Je ne sais pas si tu évoques les deux RSSI qui ont témoigné aux Assises, Eric et moi-même. En tout cas si j’ai pu sortir de ma coquille pour évoquer ces aspects et que cela a pu aider un tant soit peu quelques professionnels tendus et fragilisés, tant mieux. J’ai l’impression d’avoir un peu servi à quelque chose !
N’hésite pas, en tout cas, à rester en contact. Tu sais comment, et cela me ferait bien plaisir tu t’en doutes. On pourra évoquer tout cela, et si je peux te donner des pistes c’est avec joie.
Amicalement,
Bruno
Merci.
Simplement, sincèrement : merci.
Et bon courage, ainsi que mes meilleurs voeux de paix intérieure et de bonheur.
« Ma hiérarchie demande des résultats, et c’est bien normal puisqu’en échange je touche un salaire avec une partie liée à des objectifs. Donc, moins j’avais de résultats, plus je déployais d’efforts, d’analyses, de stratégies, de techniques de contournement, pour arriver à avancer sur mes projets. »
Hum…
Je m’intéresse depuis longtemps aux manipulations, aux dérives humaines, l’expérience de Palo Alto, la 3ème vague, tout ça.
Ce que vous décrivez s’appelle l’injonction contradictoire.
https://en.wikipedia.org/wiki/Double_bind
On vous demande de faire une chose sans vous en donner les moyens. Et quand vous objectez, on vous reproche votre incompétence.
C’est -heureusement- rarement voulu. C’est malheureusement fréquent et vicieux, surtout si vous êtes quelqu’un d’honnête, de travailleur. Cela peut vous tuer. Au sens propre.
Le management qui privilégie les résultats sur la qualité fait souvent cet erreur.

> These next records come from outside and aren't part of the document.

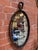 Vintage Oval Iron Frame Wall Mirror With Hanging Loop For Sale - Image 10 of 10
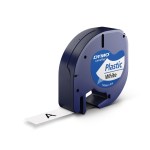 Dymo LetraTag 12mm x 4m Black on White Plastic Tape Cassette Dymo LetraTag 12mm x 4m Black on White Plastic Tape Cassette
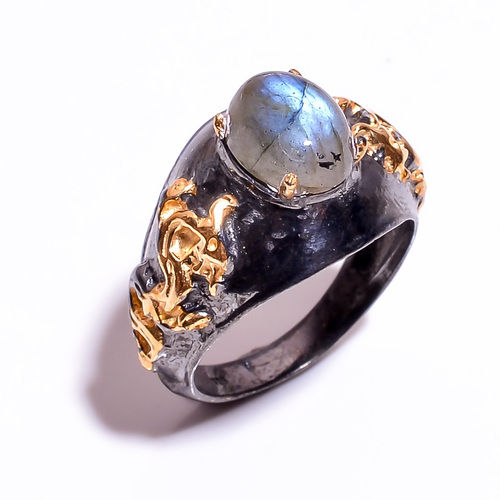 Wholesale Labradorite Gold Plated And Rhodium Plated Rings Solid 925 Sterling Silver handmade Jewelry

Vous y avez survécu, bravo, ce n’est pas le cas de tout le monde. Des gens vous ont aidés: bravo à eux, ce n’est pas un acte facile. Ces RSSI, c’est la trempe des gens qui en 1940 ce seraient levés pour partir à Londres, pour monter au maquis. Il y en a peu mais ils sont très précieux. Ils le paient parfois très cher mais je pense que cela en vaut la peine. Ceux qui vous ont soutenus, comme votre épouse: bravo: c’est dans la merde la plus totale que l’ont reconnait ses vrais amis.

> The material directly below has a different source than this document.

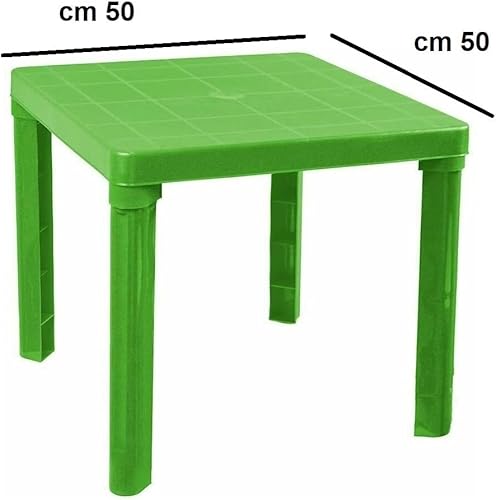 Table basse en Plastique pour Enfants Table de Jeu Table Basse en Plastique Rigide 50 x 50 pour Intérieur/Extérieur Table pour Enfants Tables Colorées pour Enfants (AZUR) - Nail Gallerys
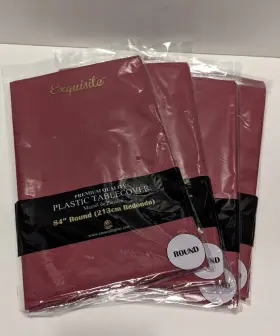 Exquisite 743795911037 New 4-pack Premium 84 Inch Round Disposable Plastic Tablecloth - Red Burgundy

Moi je l’ai vécu. Mais thérapie ou pas, je suis devenu quasi incapable de faire confiance. Tout mot, toute attitude qui évoque le vocabulaire de mes anciens dirigeants me rend très méfiant, cynique. Ce qui est très mal perçu. Bilan, chômage à long terme. Il faudrait renverser la peur, comme disait l’autre.
Bonjour Zythom !
Merci pour ce billet qui mets des mots sur des maux.
Je suis également RSSI et j’ai subi cette année la même maladie.

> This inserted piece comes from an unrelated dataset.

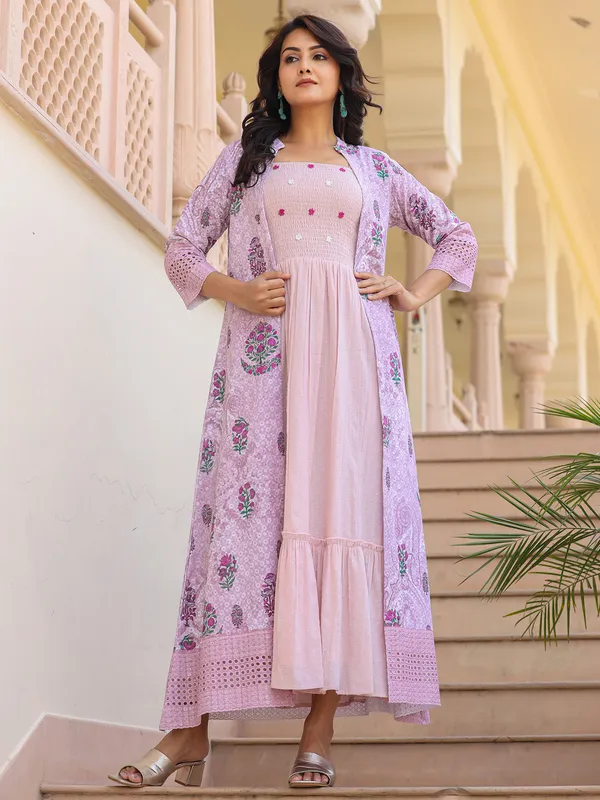 Cotton pink jacket style kurti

J’ai vécu quelques mois avec des sensation de fatigue et de vide intenses.
L’analogie de l’incendie est tellement vrai.
Je me suis réveillé lorsque mon moi intérieur était totalement cramé.
Aujourd’hui cela repousse doucement et comme une jeune forêt tout reste fragile.
Je fais de la méditation, un peu de sport et du travail à mi-temps.